Tom Wells was selected as the Top Dealmaker of 2007 in Real Estate – Retail/Entertainment by American Law Media’s Daily Business Review. Mr. Wells was selected for the award for his representation of The Aragon Group, Inc. and its shareholders in the $152.5 million sale of stock to affiliates of Boyd Gaming Corporation that closed in 2007. The Aragon Group, Inc. owned and operated the Dania Jai Alai fronton and approximately 48 acres of adjacent land. In 2004, Florida voters approved the operation of slot machines at the existing pari-mutuel facilities located in Broward County subject to Broward county voter approval, and the Broward County voters approved such operations in 2005.

The deal was originally structured as an option for affiliates of Boyd Gaming to acquire assets from The Aragon Group, Inc. but was later changed to a stock sale due to issues relating to the transferability of the slot operator license included in recent legislation and regulations. It was further complicated by legal issues involving real estate, securities, tax and gaming regulations. Another complication was preparing transaction documents prior to the final passage of slot regulations in July, 2006.

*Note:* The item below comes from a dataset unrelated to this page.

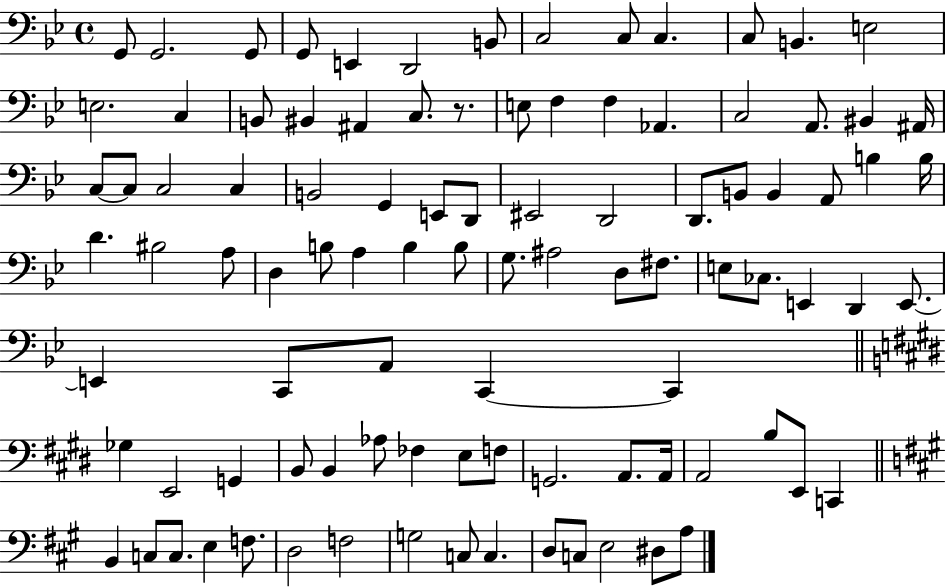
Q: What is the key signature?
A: BES major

“We had the opportunity to work with a client that was a leader in the pari-mutuel industry with over 35 years of experience,” said Wells. “The client was looking for professionals who were knowledgeable in structuring and facilitating transactions, income and estate tax issues and corporate law governance in order to maximize its return and obtain expeditious and efficient legal advice.” Mr. Wells has an LL.M. in Taxation, is Board Certified as a Tax Law Lawyer by The Florida Bar, is a CPA in Florida and has extensive expertise and experience in representing entrepreneurs in the sale of their business. He has chaired and spoken at several Mergers and Acquisition Conferences and Programs and has written several articles on structuring transactions to minimize taxes and maximize return.

The Top Dealmaker award is selected by the editors of the Daily Business Review. The Review received about 150 nominations for awards in 11 categories. The nominations were judged exclusively by the Review’s editors based on rigorous criteria. Factors evaluated by the selection committee included (a) the complexity and size of the deal, (b) how instrumental the nominee was in making the deal happen — including how they overcame obstacles and their creativity in achieving the best results for their clients, and (c) other factors such as economic impact and the nominee’s track record. There were two rounds of eliminations before the editors met to select the finalists. According to the Review, selection of the award winners was difficult. But after much debate and consideration, the editors were unanimous in their selections.